In the past decade, according to NFHS data, football participation has dropped by nearly 6%. Many local coaches have experienced that trend.
“We have had a handful of seniors come back for this season. I think our numbers are settling,” Hunter head coach Tarell Richards said. “We have tried to keep everyone involved year-round. They will want to stay if they build friendships with coaches and other players. Football is dying; our west side schools are battling the same things.”
Transfers to other schools is one thing that has affected schools in the past.
“We had kids in the past leave for football season and then transfer back for the spring so they can graduate with their friends,” Richards said.
This is a problem many schools experience.
“I want to develop only the talent here in Riverton and only those kids,” Riverton High head coach Jody Morgan said. “I don’t want other teams to steal my kids.”
The Silverwolves coaches count 12 players that have left their program to attend other schools.
“We have had other varsity coaches approach my athletes,” Morgan said. “I feel like some coaches treat it like the ‘Pirates of the Caribbean’; they think these are guidelines and not rules. The UHSAA needs to stop going after individual kids and go after the programs that are doing it.”
Cost, single-sport specialization and injuries are other concerns players and parents have with football.
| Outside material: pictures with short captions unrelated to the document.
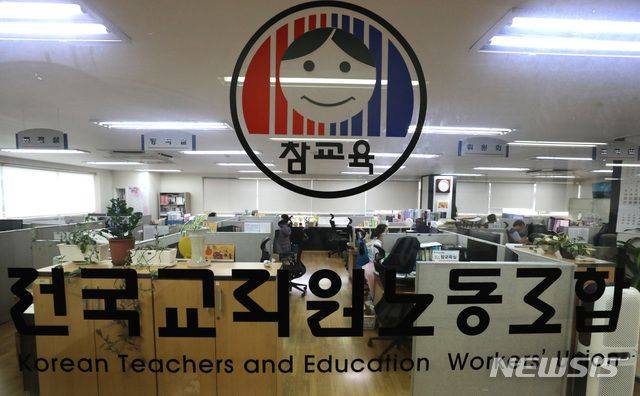 전교조 본부 사무실 모습/뉴시스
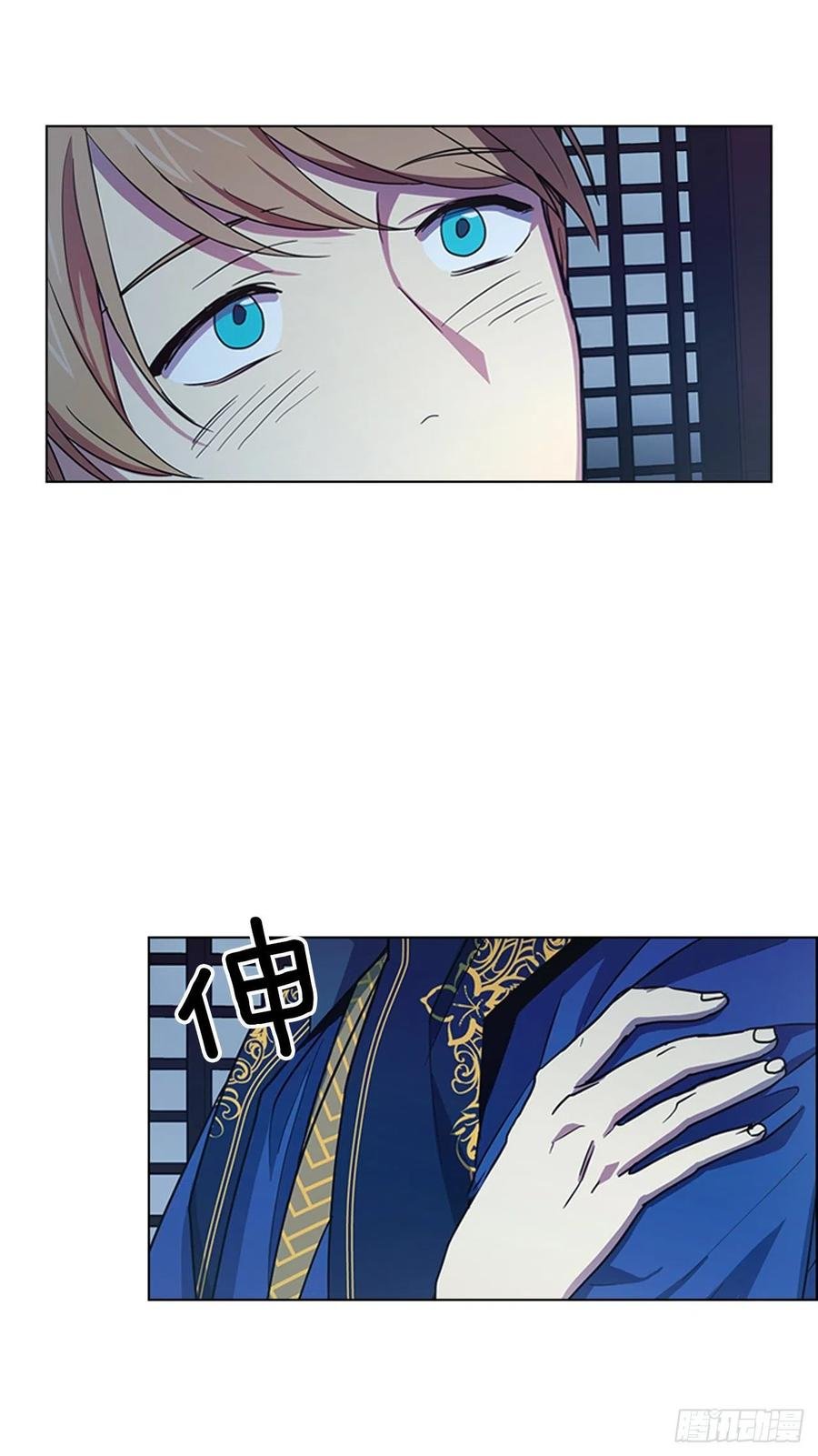 71.一生一世一双人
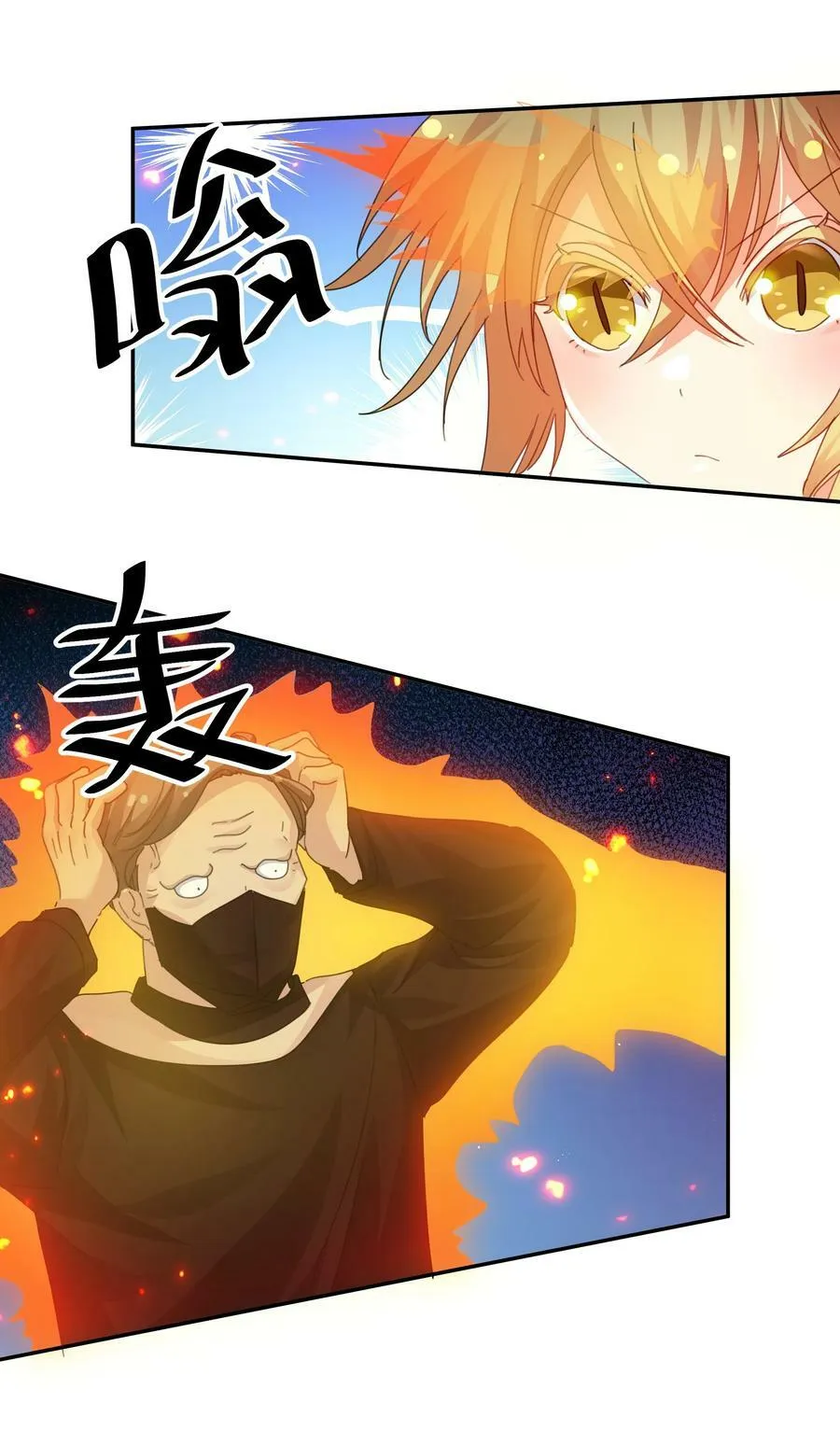 132 追杀！不死不休 第14页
Some coaches believe it is important to creatively find opportunities for kids to play.
Hunter High has tried to hire coaches that know the community or have been part of the Wolverines’ football team in the past.
“We have coaches that believe in the community,” Richards said. “They are born and raised here. That builds trust with parents and players.”
The coaches have also changed practice plans to prevent injury by training in helmets only one day a week. They also try to find more chances for the kids to play.
“The kids that don’t play on Friday night always play on Thursday in the sub-varsity game,” Richards said.” We can’t play them two days in a row. It is not responsible because of the injury possibility.”
Preparing the players mentally and physically is an important part of keeping kids on the field.
“Kids nowadays have ADD (attention deficit disorder); they want to do what has success,” Richards said. “Whether that is another team, another sport or school program. We have to be creative.”
Riverton High players are becoming more involved in the youth programs.
“We attend little league games,” Morgan said. “We host a youth camp and are constantly trying to build a good relationship. We sell to the parents that we want to build good football players and great young men. Football is hard, and we try to relate it to everyday life.”
Richards pointed out he thinks the UHSAA is trying to help. They have recently realigned regions encouraging more rivalries.
“I think the new regions are good because we are now playing kids that have the same demographics,” he said. “I think the UHSAA has got it right with realignment. It makes it exciting.”